Rafforzata la presenza dell'Arma sul territorio biellese
Il comando provinciale dei carabinieri di Biella ha comunicato l'arrivo di sette nuovi militari, in arrivo dal 144° corso formativo, che sono stati assegnati alle stazioni del capoluogo e di altri centri della provincia. L'inserimento rientra in un piano organizzativo finalizzato a colmare gli organici e a incrementare il controllo del territorio, con particolare attenzione ai servizi di vicinato e alla prevenzione dei reati.
Le nuove risorse, caratterizzate da un'età anagrafica molto giovane, sono già state distribuite «capillarmente» nelle stazioni locali. La distribuzione comprende il capoluogo e comuni periferici, con l'obiettivo di garantire una copertura più omogenea e rafforzare la presenza dell'Arma nei punti ritenuti strategici per la sicurezza quotidiana dei cittadini.
| Stazione | Età | Provenienza |
|---|---|---|
| Biella | 20 e 21 anni | Modica (Rg); Piazza Armerina (En) |
| Candelo | 21 anni | Ragusa (Rg) |
| Cavaglià | 22 anni | Perù |
| Mongrando | 24 anni | Palermo (Pa) |
| Occhieppo Superiore | 23 anni | Messina (Me) |
| Vigliano | 22 anni | Ottaviano (Na) |
Secondo il comunicato del comando provinciale, l'arrivo dei nuovi carabinieri mira a potenziare l'attività di prossimità e il contrasto ai reati sul territorio. L'organico rinforzato dovrebbe consentire una maggiore continuità nei servizi istituzionali e un presidio più capillare, soprattutto nelle fasce orarie e nelle aree dove è più sentita la necessità di controllo.
Impatto per i cittadini e per i comuni interessati
L'incremento di personale può tradursi in una serie di benefici tangibili per i residenti della provincia. Tra gli effetti attesi:
- maggiore presenza di pattuglie sul territorio e intensificazione dei servizi di controllo;
- potenziamento delle attività di prevenzione nei centri abitati;
- migliore capacità di risposta alle segnalazioni dei cittadini e ai reati predatori.
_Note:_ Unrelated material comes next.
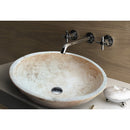 troia light beige travertine natural stone oval vessel sink surface honed filled size (W)16" (L)21" (H)6" (52cmx41cm)-SKU-NTRSTC06 installed on bathroom. troia light beige travertine natural stone oval vessel sink surface honed filled size (W)16" (L)21" (H)6" (52cmx41cm)-SKU-NTRSTC06 installed on bathroom.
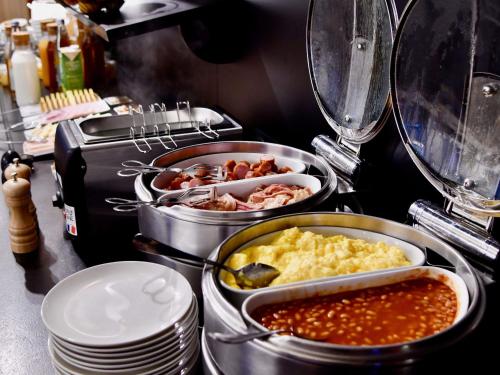a buffet with several trays of food on a counter at Ibis Nantes la Beaujoire Parc Expo in Nantes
Il comando sottolinea anche il valore dell'entusiasmo e del dinamismo attribuito alle nuove leve, elementi ritenuti utili per sostenere le attività quotidiane di tutela della comunità. I giovani militari, già impiegati nei servizi di istituto, svolgeranno funzioni di prossimità rivolte alla prevenzione e al contrasto dei fenomeni criminali.
La distribuzione delle risorse tra stazioni urbane e rurali risponde alla necessità di garantire una presenza omogenea su tutto il territorio provinciale, dal capoluogo ai comuni limitrofi, dove la percezione di sicurezza è spesso legata alla visibilità e alla reperibilità delle forze dell'ordine.
Resta da monitorare l'evoluzione dell'organico e l'eventuale bisogno di ulteriori rinforzi nei prossimi mesi, sulla base delle priorità operative e dell'andamento dei fenomeni di criminalità locale. Nel frattempo, l'Arma conferma l'impegno a rafforzare la collaborazione con le comunità e le amministrazioni locali per migliorare la sicurezza percepita dai cittadini biellesi.